Nettica Postmortem May 17
Due to a system outage on Wednesday May 17 20:08 UTC, 30 minutes of email needed to be re-delivered to your mail server.
We became aware of a system delivery issue because our delivery checks from MXToolbox failed and then alerted us within two minutes of the issue starting. Engineering was staff responded immediately, there was no delay between notification and the time we started investigating.
We posted to the status page within 12 minutes of the outage and created a communication channel at – http://status.www.duocircle.com/incidents/y3wl4bjv1r5z . Our goal is to be extremely transparent during all incidents.

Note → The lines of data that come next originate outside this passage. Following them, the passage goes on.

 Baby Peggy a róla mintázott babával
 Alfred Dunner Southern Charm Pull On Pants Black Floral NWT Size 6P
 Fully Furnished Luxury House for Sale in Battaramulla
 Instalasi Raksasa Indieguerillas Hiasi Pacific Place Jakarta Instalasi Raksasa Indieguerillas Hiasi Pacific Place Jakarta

Hard drive consistency checks failed on one of the attached storage nodes and required a reboot. When the system was rebooted mail was delivered but not correctly written to disk.
Resolution and recovery
Starting on Monday May 15 2017 DuoCircle has experienced three service interruptions with the Nettica hosted email system (mailhostingservice.com). We were able to address the first two issues for the previous with a reboot, and subsequently updating an SSL key. However today May 17th we had a hard drive issue with one of the connected node and Nettica was down for 40 minutes from 20:08 UTC (1:08PM PST).

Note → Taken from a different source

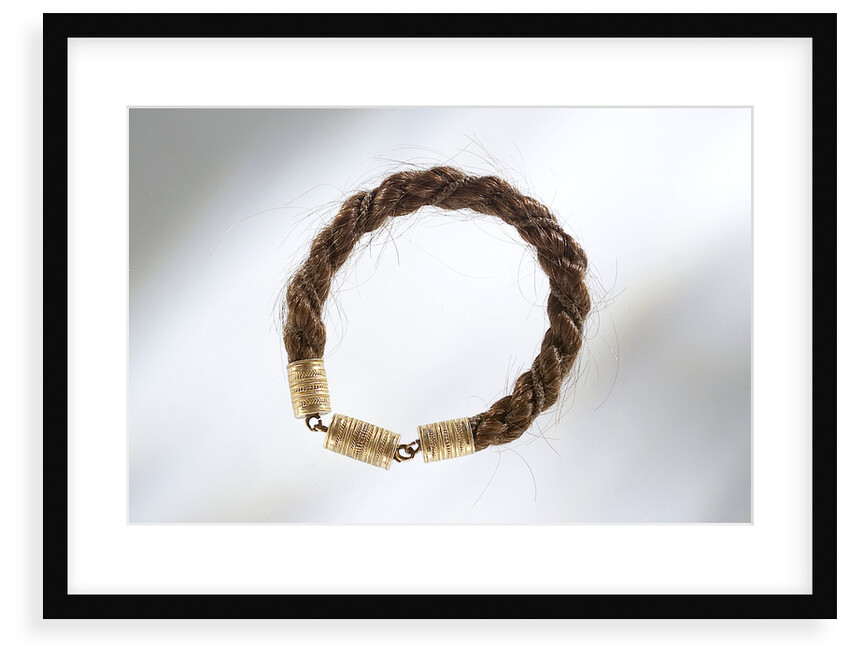 Bracelet commemorating Horatia Nelson-Ward (1801-1881) by unknown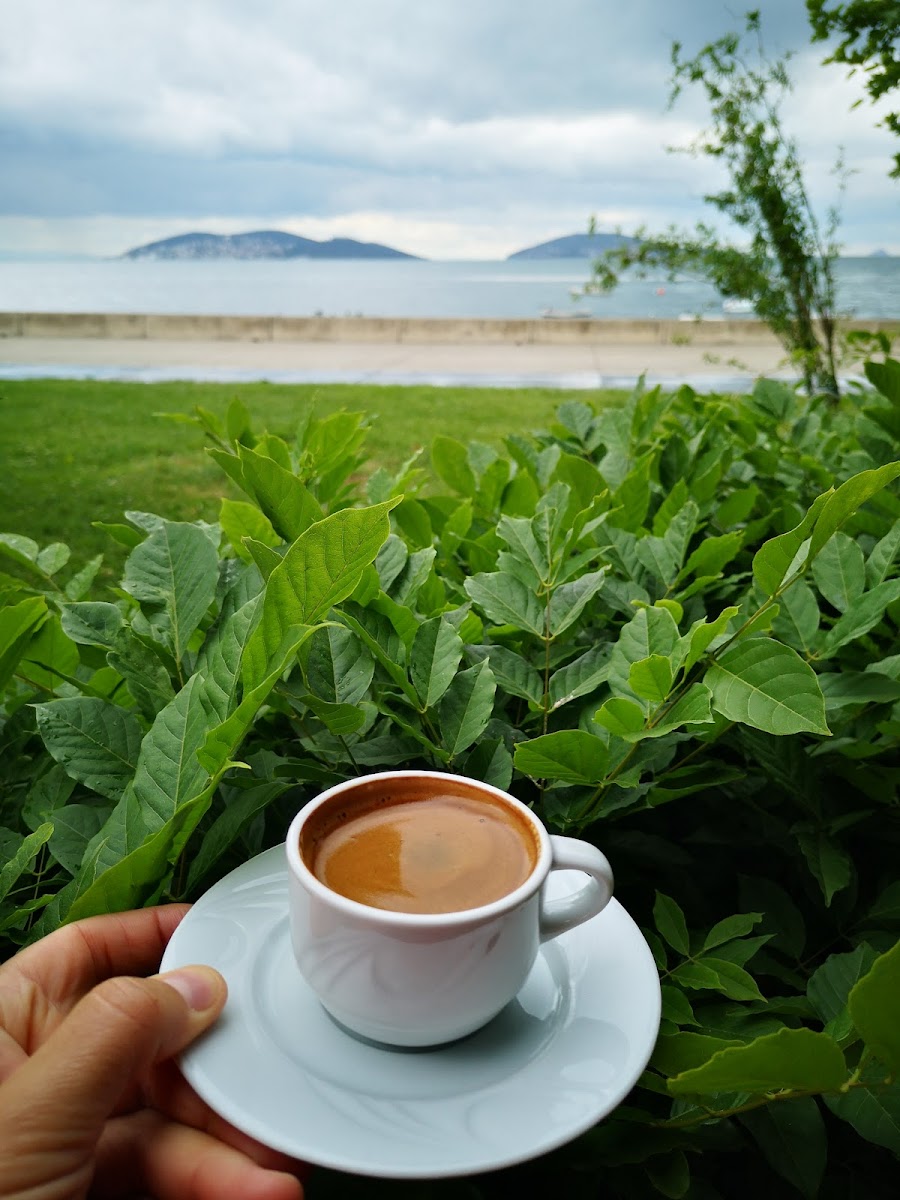 Tesaduf Cafe - Photo 4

During this outage mail was successfully queued on a separate cluster, however, when Nettica was returned to production there was a gap of about 30 minutes of emails because of a misconfiguration when the server was restored to service.
Normally in an instance like this the messages for the 30 minutes that the queuing cluster delivered to the main server would be lost however we have had a 100% recovery of the messages because of a proprietary system that we introduced a few weeks ago called Message Replay. It’s sort of a DVR for email, we can rewind and play messages again at a later time.
As of midnight UTC we have restored all messages for our customers using mx1.mailhostingservice.com. Rather than lose 30 minutes of messages we made the determination to restore all messages from 19:00 to 21:00 UTC to ensure that your mailbox is intact.
You may see new emails in your inbox with a timestamp from earlier today or duplicate messages that you have already received.
Corrective and Preventative Measures
We are in the process of ensuring that all customers are using the correct MX records. We have escalated to the storage vendors for options and actions that we can do differently.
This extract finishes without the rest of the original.